Exercise instructions: Retype, with no pictures, each line from the one that holds "Barbour（バブアー）Barbour (バブアー) ガンクラブチェック" through the last line of the entries below, both included.

[Records from a collection]
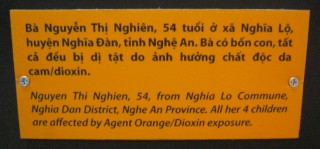 Vier
                              Agent-Orange-Opfer, Text: [Die Mutter]
                              Nguyen Thi Nghien (54 Jahre) aus der
                              Gemeinde Nghia Lo, Distrikt Nghia Dan,
                              Provinz Nghe An. Alle ihre 4 Kinder sind
                              durch die Aussetzung von Agent Orange /
                              Dioxin betroffen.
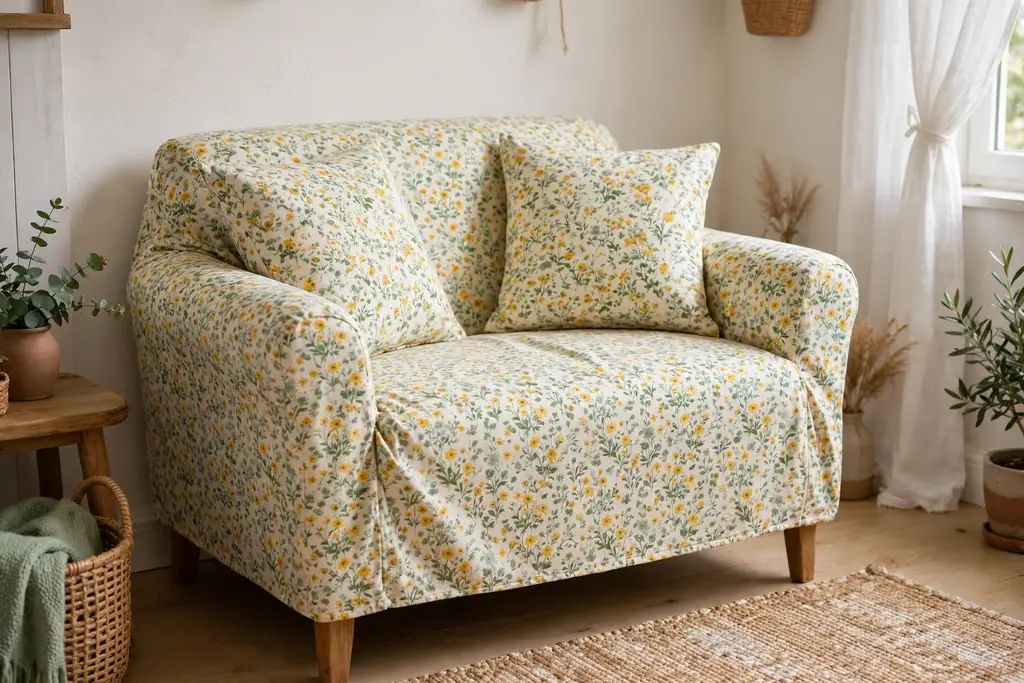 Small loveseat with a small scale wildflower print slipcover in cream, yellow, and soft green.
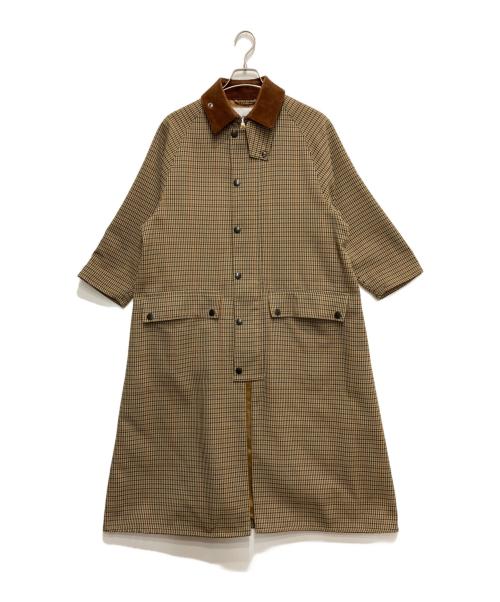 Barbour（バブアー）Barbour (バブアー) ガンクラブチェック ロングコート ブラウン サイズ:8の古着・服飾アイテム
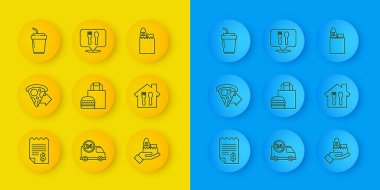 Set line Paper or financial check Online ordering pizza delivery burger and Coffee cup to go Shopping bag food and Cafe restaurant location icon. Vector.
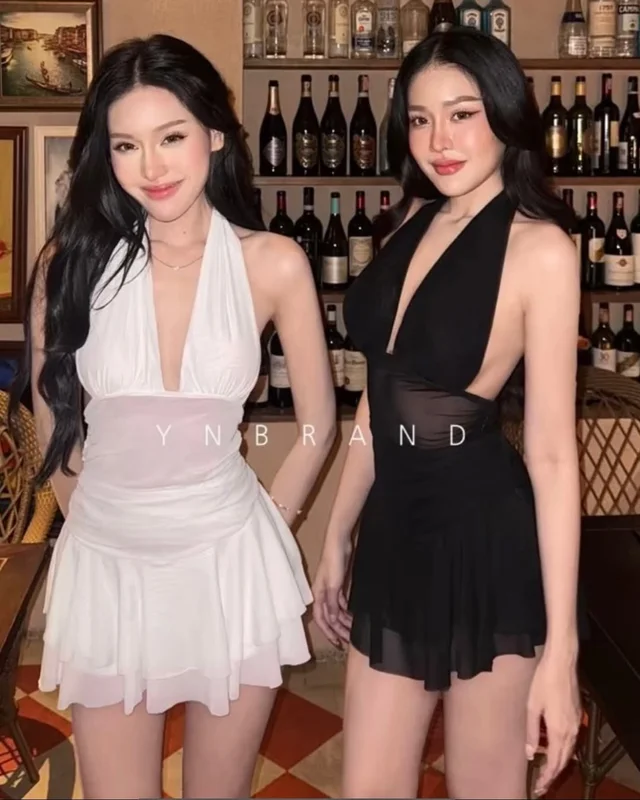 YNBRAND เดรสสายคล้องคอสีดำ แซ่บหรูสายปาร์ตี้ thumbnail 4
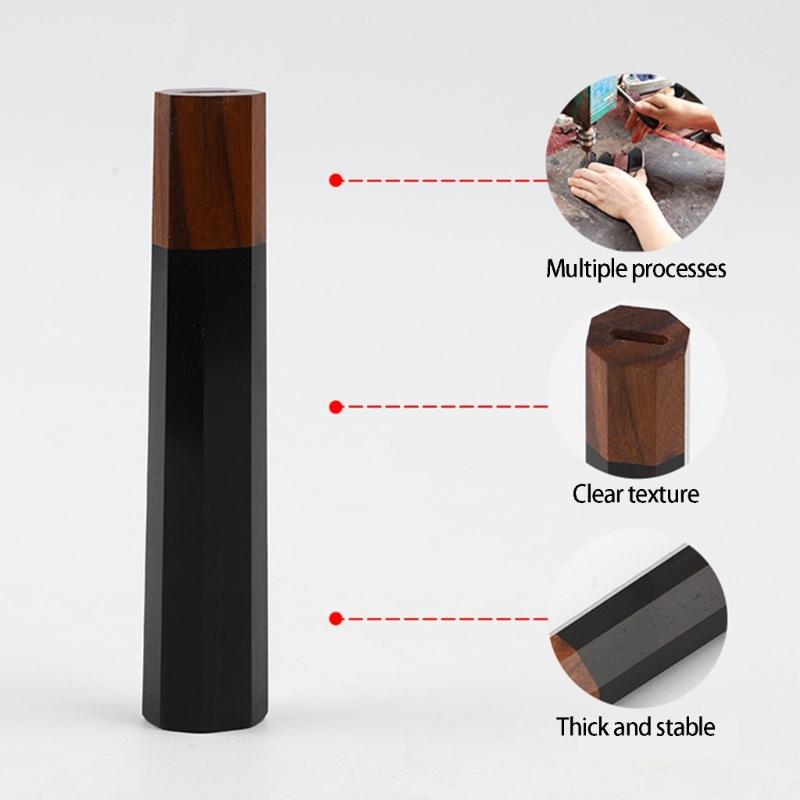 Nonacid Black Sandalwoods Octagonal Handle Tool Part Sturdy And Smooth Finishes For Woodworking And Crafting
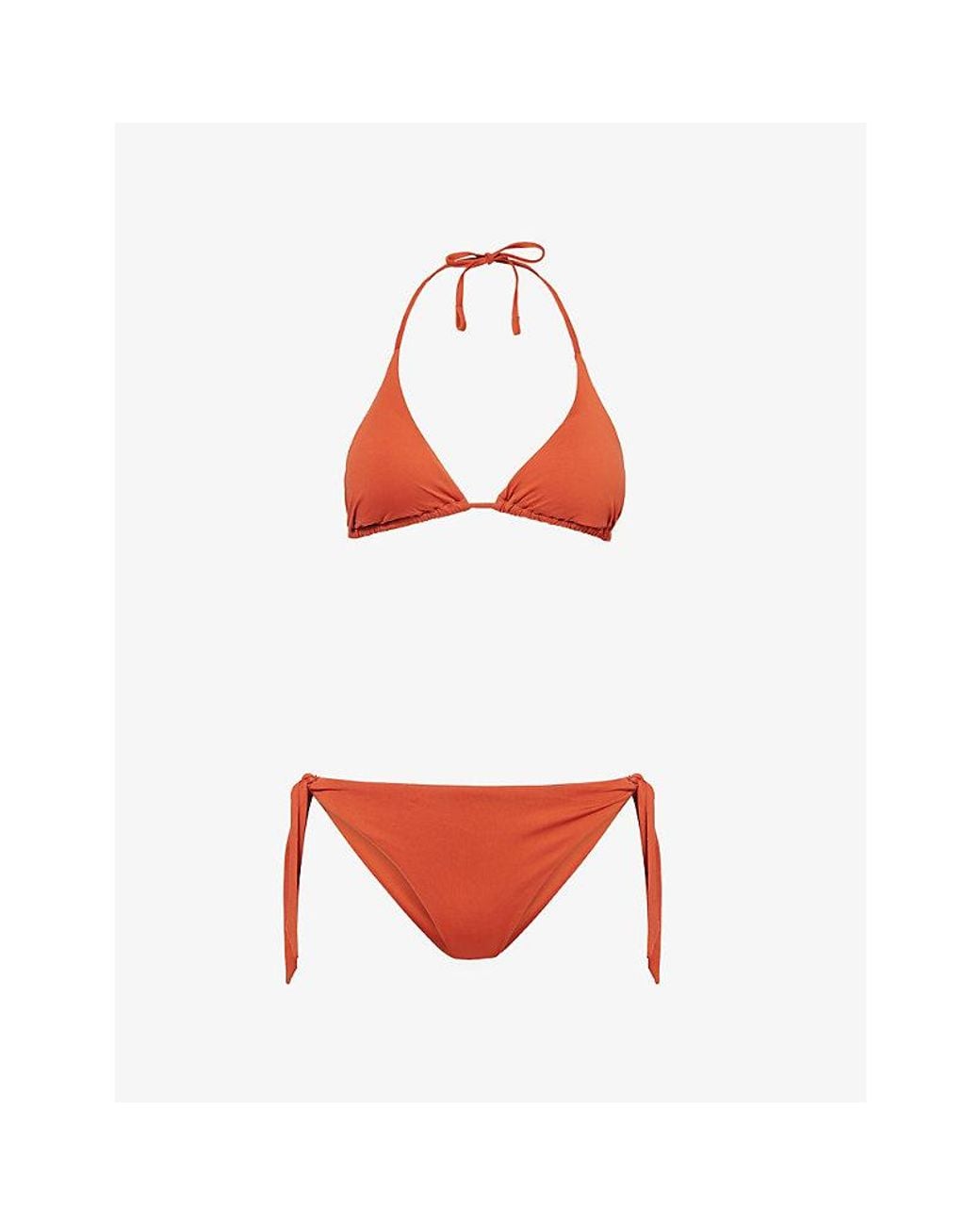 Max Mara Red Baby Triangle Self-Tie Bikini Set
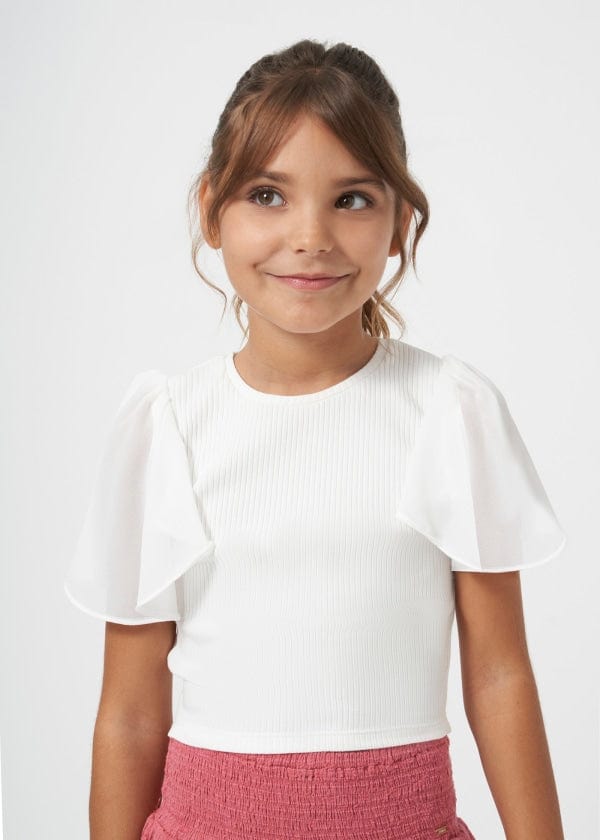 Mayoral Usa Inc Mayoral Chiffon Flutter Sleeve Ribbed T-Shirt - Little Miss Muffin Children & Home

Solution below:
 Barbour（バブアー）Barbour (バブアー) ガンクラブチェック ロングコート ブラウン サイズ:8の古着・服飾アイテム
 Set line Paper or financial check Online ordering pizza delivery burger and Coffee cup to go Shopping bag food and Cafe restaurant location icon. Vector.
 YNBRAND เดรสสายคล้องคอสีดำ แซ่บหรูสายปาร์ตี้ thumbnail 4
 Nonacid Black Sandalwoods Octagonal Handle Tool Part Sturdy And Smooth Finishes For Woodworking And Crafting
 Max Mara Red Baby Triangle Self-Tie Bikini Set
 Mayoral Usa Inc Mayoral Chiffon Flutter Sleeve Ribbed T-Shirt - Little Miss Muffin Children & Home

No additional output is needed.